» **What to do**
Everything in the data below except the pictures must be repeated word for word.

» **Source data**
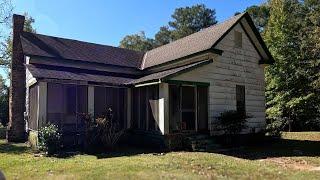 EXPLORING 150 YEAR OLD RURAL FARM HOUSE!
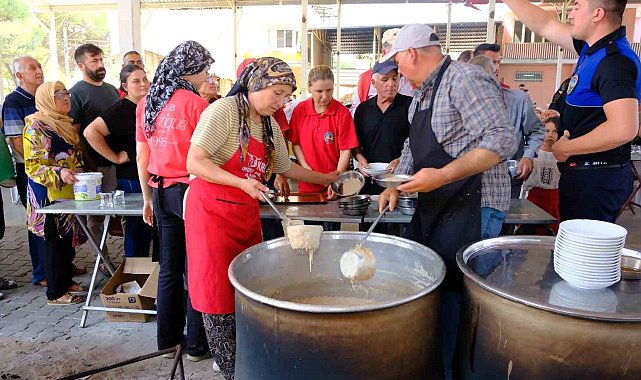 Horsunlu'da kurtuluş gününe özel 15 kazan keşkek dağıtıldı
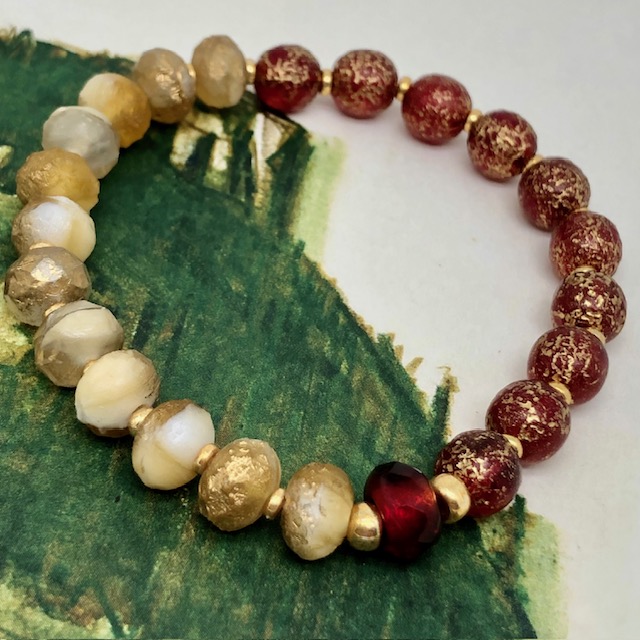 Bracelet élastique asymétrique bohème chic composé de perles en verre de Bohême rouge et jaune or. Bracelet stretch de créateur.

» **Exercise response**
 EXPLORING 150 YEAR OLD RURAL FARM HOUSE!
 Horsunlu'da kurtuluş gününe özel 15 kazan keşkek dağıtıldı
 Bracelet élastique asymétrique bohème chic composé de perles en verre de Bohême rouge et jaune or. Bracelet stretch de créateur.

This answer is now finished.